The CHE_EDGAR-ECMWF_2015 represents the 2015 global fossil CO2 emissions prior at 0.1º×0.1º resolution that has been for the first time to our knowledge bridging the inventory community and the atmospheric modelling community. In fact, the uncertainty calculations fully respect the detailed error propagation approach recommended by IPCC (2006) guidelines for GHG inventories while these datasets as prior input were processed such that the uncertainty information could be fully taken up by the ECMWF model IFS. Estimation of emission uncertainties is purely based on IPCC (2006) and IPCC-TFI (2019) emission factor and activity data uncertainty values and assumptions – mainly that emissions are fully uncorrelated. Uncertainties related to the spatial distribution (representativeness of the proxy data and their uncertainty) were not assessed in this study, but they can be included by the user on top of the calculated emission uncertainties. All calculations, performed for the year 2015, are documented so that the methodology and algorithms used can be easily adapted for any other year. The dataset can be directly used in inverse modelling, and ensemble data assimilation applications, such as those envisaged within the Copernicus Atmosphere Monitoring Service (CAMS) system.

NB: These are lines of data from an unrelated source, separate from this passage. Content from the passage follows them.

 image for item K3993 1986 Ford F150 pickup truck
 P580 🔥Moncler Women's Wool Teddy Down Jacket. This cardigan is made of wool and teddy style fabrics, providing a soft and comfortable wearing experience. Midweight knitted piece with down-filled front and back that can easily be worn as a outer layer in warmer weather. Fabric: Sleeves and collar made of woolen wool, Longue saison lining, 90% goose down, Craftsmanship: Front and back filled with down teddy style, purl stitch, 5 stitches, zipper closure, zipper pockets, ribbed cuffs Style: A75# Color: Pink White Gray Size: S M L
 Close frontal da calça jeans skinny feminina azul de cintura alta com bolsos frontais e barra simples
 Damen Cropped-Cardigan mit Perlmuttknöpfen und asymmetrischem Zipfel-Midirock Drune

CHE_EDGAR-ECMWF_2015 consists of 11 global NetCDF files with gridded yearly and monthly upper and lower bounds of uncertainties in % and kg·m-2·s-1 per each ECMWF group and their sum, and 1 Excel file with 16 spreadsheets with the same information listed per country (metadata, emissions, uncertainties, statistical parameters).

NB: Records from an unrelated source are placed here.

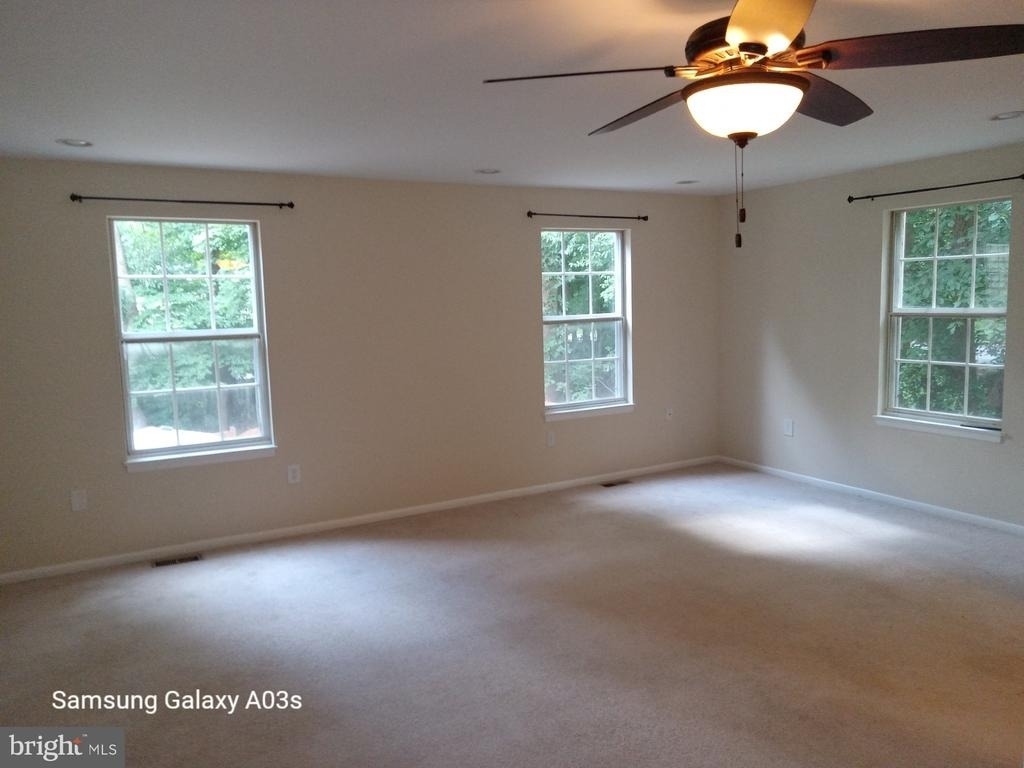 6398 Shaundale Drive - Photo 7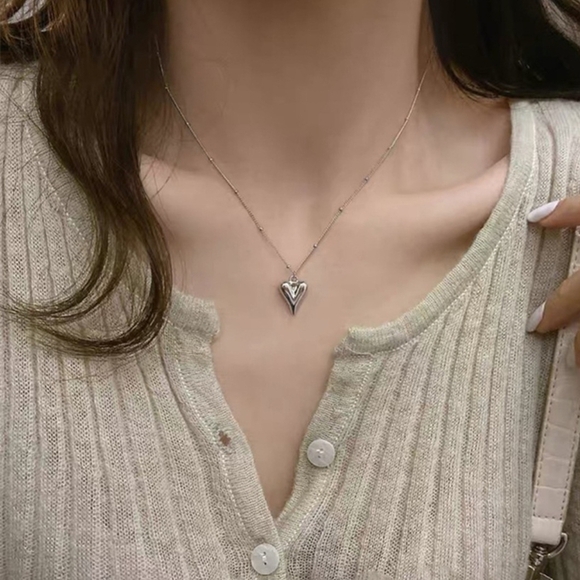 Silver Heart Pendant Necklace Dainty Heart Stainless Steel - Picture 5 of 9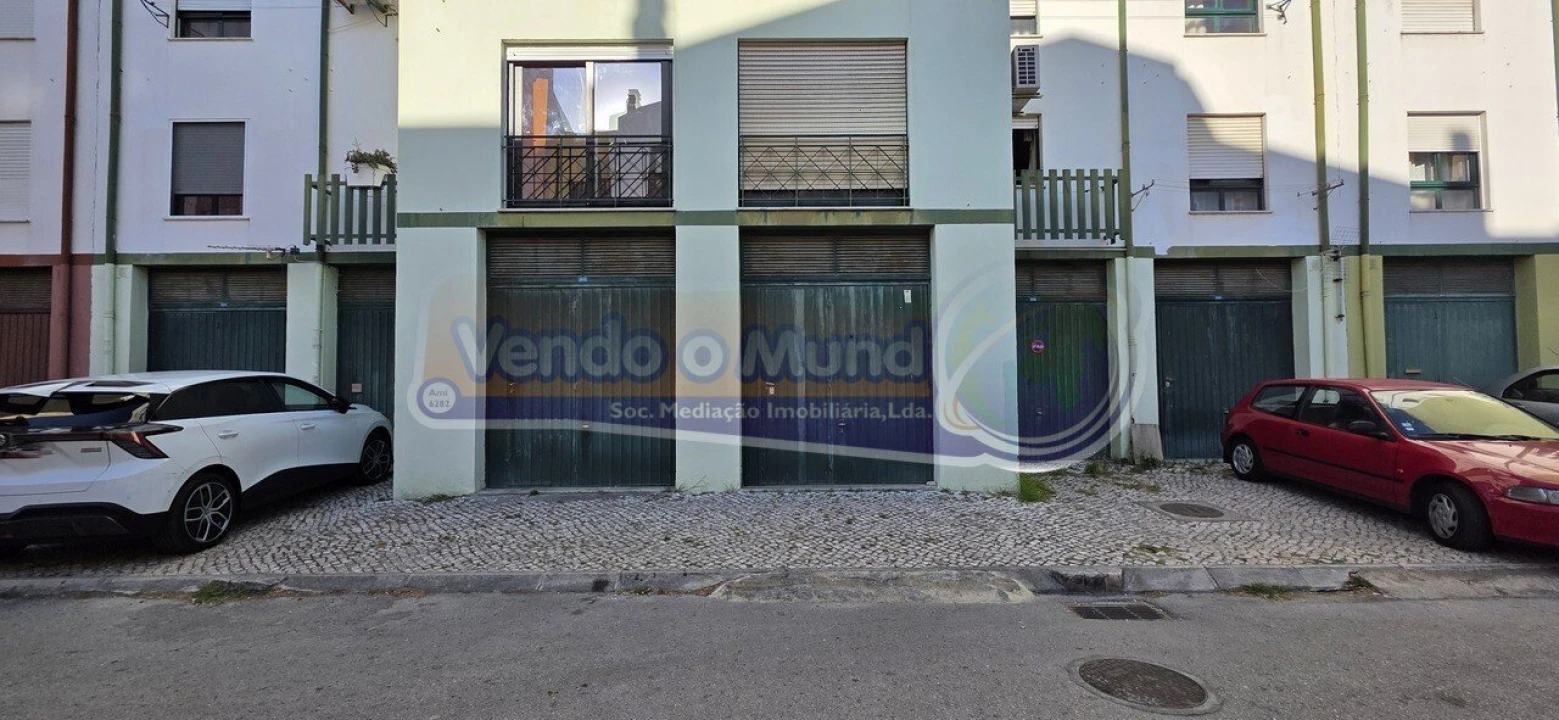 Garagem para Venda em Alverca do Ribatejo e Sobralinho Foto 1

Calculated emissions and uncertainties of fossil CO2 have been compared to other data sets based on the country-specific data reported to UNFCCC and on fuel-specific data reported in the energy statistics of IEA. The global values and their uncertainty at a 2σ range for the CHE_EDGAR-ECMWF_2015 dataset show the lowest value of -4.7/+9.6 % or ±7.1 % range due to the methodology used. At country level the CHE_EDGAR-ECMWF_2015 dataset provides generally larger uncertainty ranges, that are reduced when more detailed information is available to reduce the uncertainties; in summary, using the information that is uniformly available for all countries a coherent uncertainty representation is obtained.

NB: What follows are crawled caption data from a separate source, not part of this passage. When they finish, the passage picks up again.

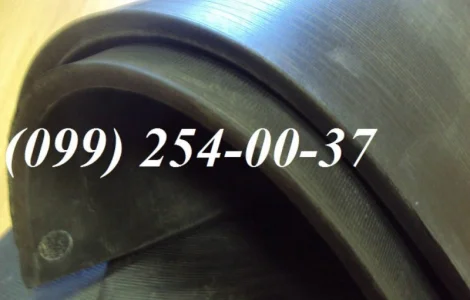 Пористая резина прессовая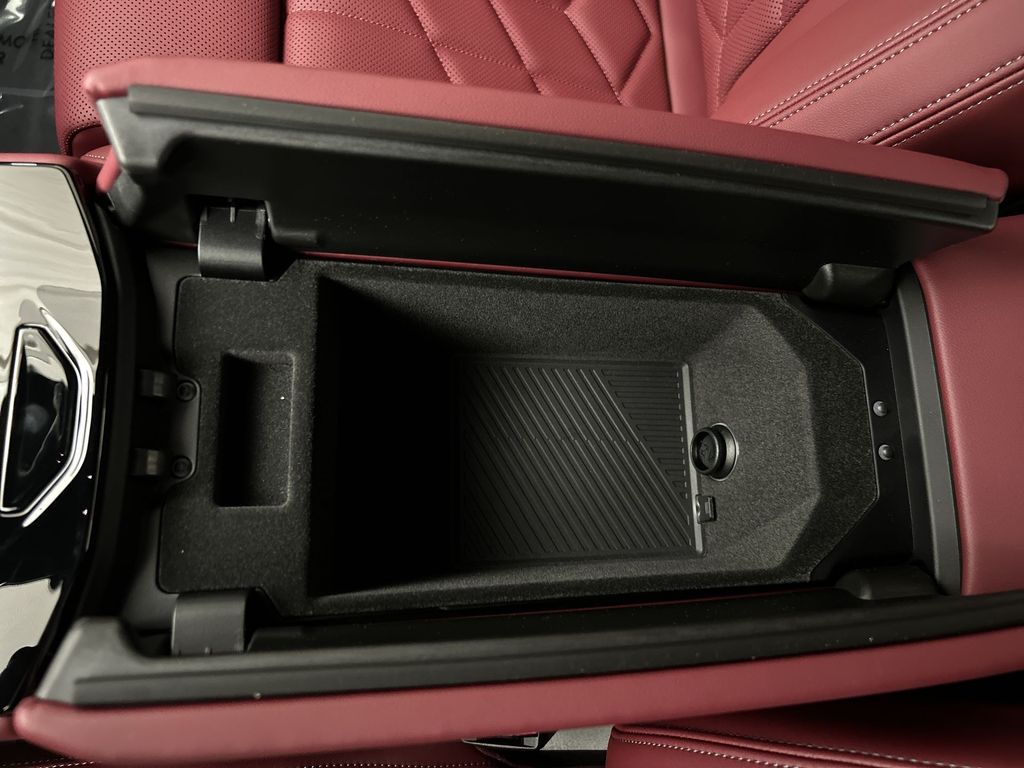 Vehicle image 22 of 29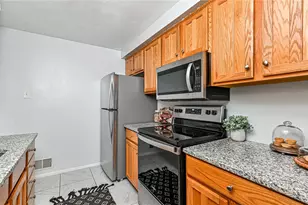 302 Elm Ct, Ross Twp, PA 15237 - Photo 4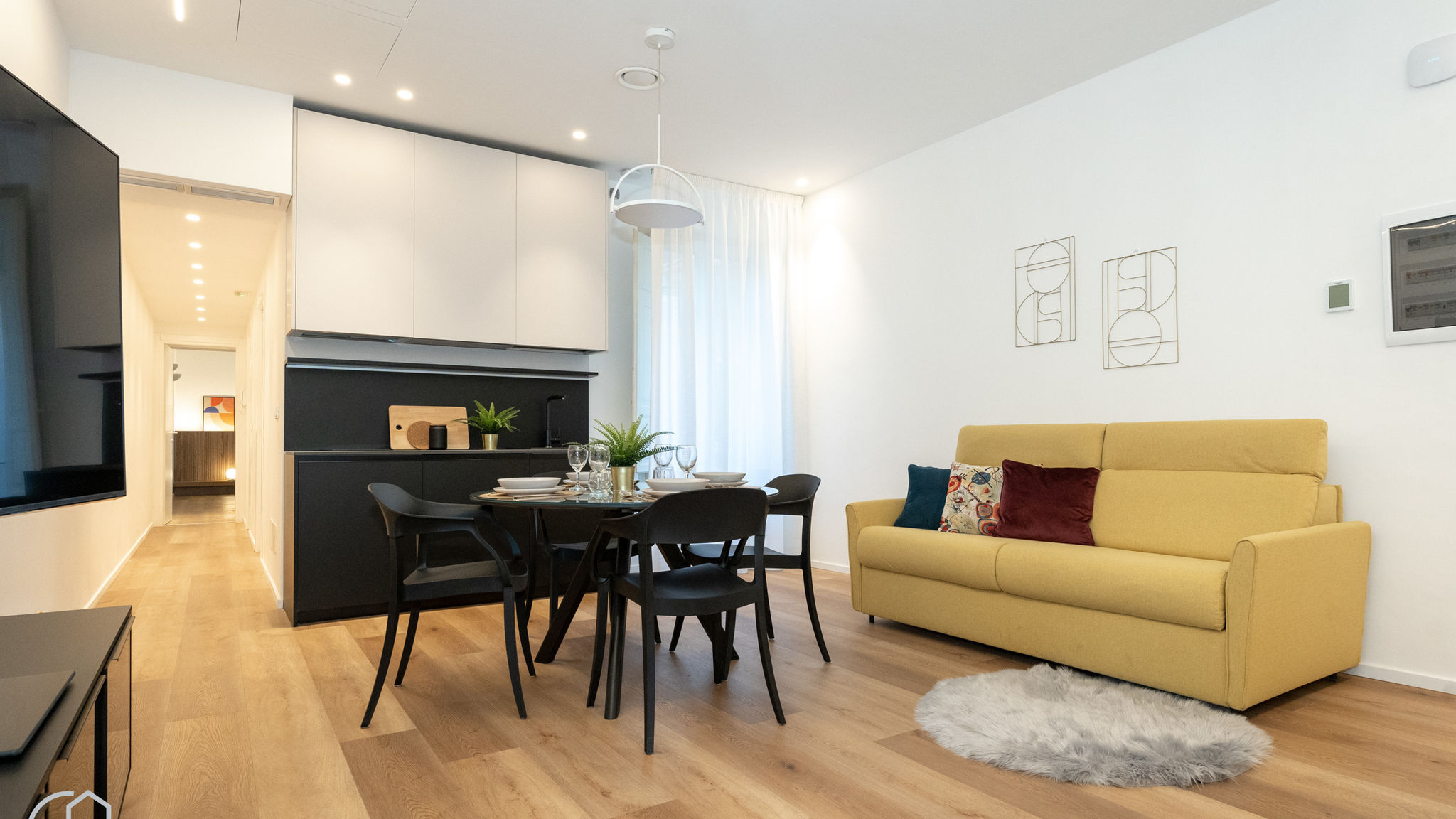 Modern House Province - Intera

The CHE_EDGAR-ECMWF_2015 dataset has been tested to provide the ECMWF Earth system ensemble spread to characterise the CO2 atmospheric concentrations’ uncertainties in the prototype of the Copernicus CO2 Monitoring and Verification Support Capacity. Annual and monthly uncertainties have been evaluated in the ECMWF’s atmospheric transport model IFS ensemble simulations as well as the sensitivity to the spatial distribution of anthropogenic CO2 emissions (McNorton et al., 2020). Results show to be rather sensitive to the spatial distribution proxies, and most updated proxies and prior uncertainties are better adapted for data assimilation applications. This needs to be studied in a future research project, the Prototype system for a Copernicus CO2 service (CoCO2), that follows the current CHE research project.
Contribution of representativeness errors to uncertainties and time correlation are neglected in CHE_EDGAR-ECMWF_2015 and will need to be assessed in successive future studies. The estimation of global gridded emissions with their spatially and temporally distributed uncertainties constitute the backbone for atmospheric inversions to estimate anthropogenic emissions from atmospheric concentrations (Pinty et al., 2017). Dedicated satellite missions (e.g. Copernicus anthropogenic CO2 monitoring mission CO2M described in Janssens-Maenhout et al. (2020)) are being planned to monitor anthropogenic emissions from space and substantially reduce emission uncertainties. The developments in the emission uncertainty based on prior knowledge computation presented in this paper is an important preparatory step for an ensemble-based CO2 Monitoring and Verification System prototype, such as the one developed within the CHE project.